**Task requirements:**
The required answer is the run of lines from the one holding "Angel | Black" to the end of the data below, copied exactly and free of pictures.

**Supplied material:**
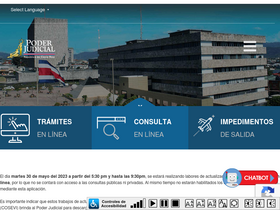 'pjenlineacr.poder-judicial.go.cr' screenshot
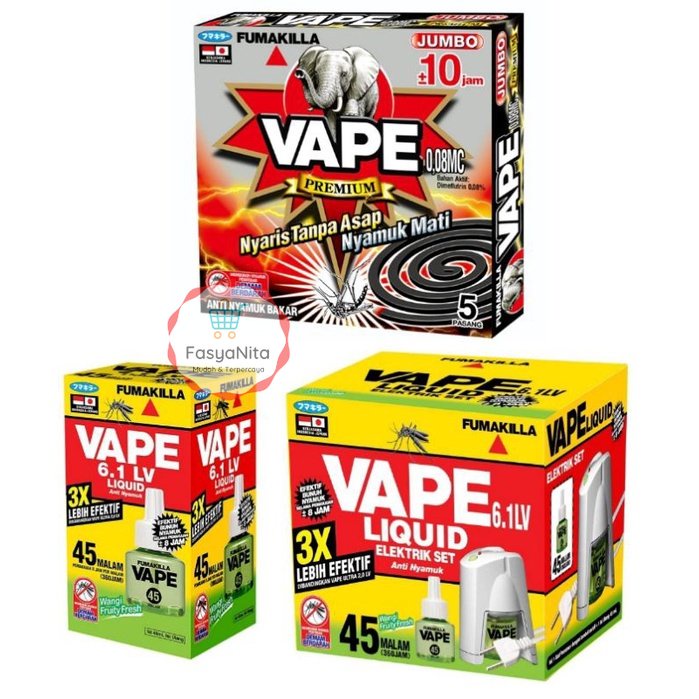 45ml - VAPE Liquid Electric Set Reffil Obat nyamuk non stop dan bakar Anti asap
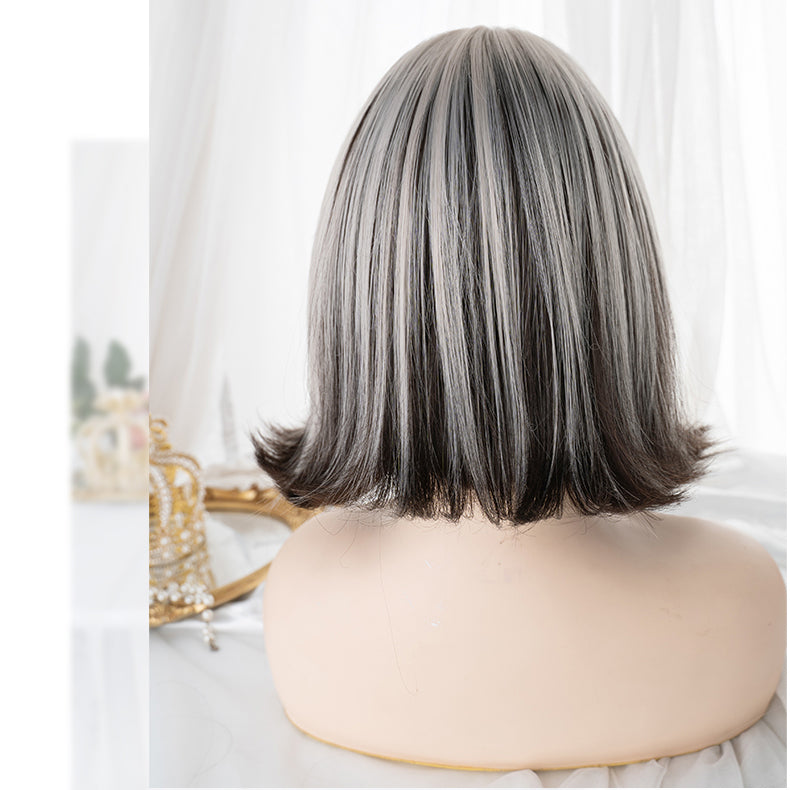 Angel | Black White Mixed Color Short Wig UB6400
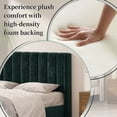 thumbnail image 6 of Full Size Upholstered Bed Frame,40.9" High Headboard,Strong Metal Frame,Wooden Slats Support,No Box Spring Needed,Easy Assembly,Velvet Fabric,Ink Green, 6 of 10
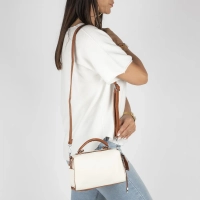 Beige shoulderbag milano breeze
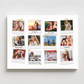Polaroid kollázs falikép 12 saját fotóval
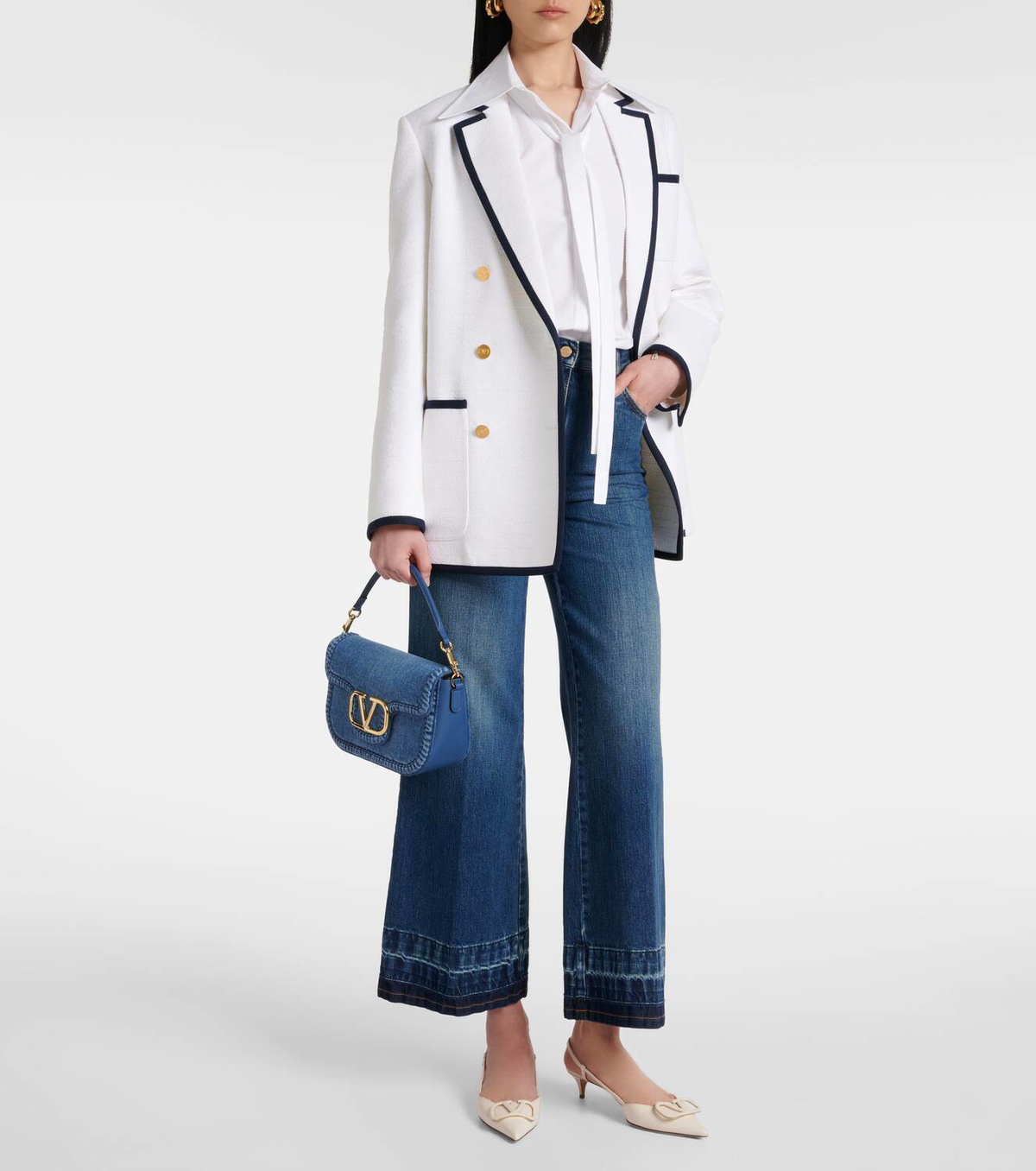 Valentino Garavani Alltime denim shoulder bag Valentino Garavani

**Written answer:**
 Angel | Black White Mixed Color Short Wig UB6400
 thumbnail image 6 of Full Size Upholstered Bed Frame,40.9" High Headboard,Strong Metal Frame,Wooden Slats Support,No Box Spring Needed,Easy Assembly,Velvet Fabric,Ink Green, 6 of 10
 Beige shoulderbag milano breeze
Polaroid kollázs falikép 12 saját fotóval
 Valentino Garavani Alltime denim shoulder bag Valentino Garavani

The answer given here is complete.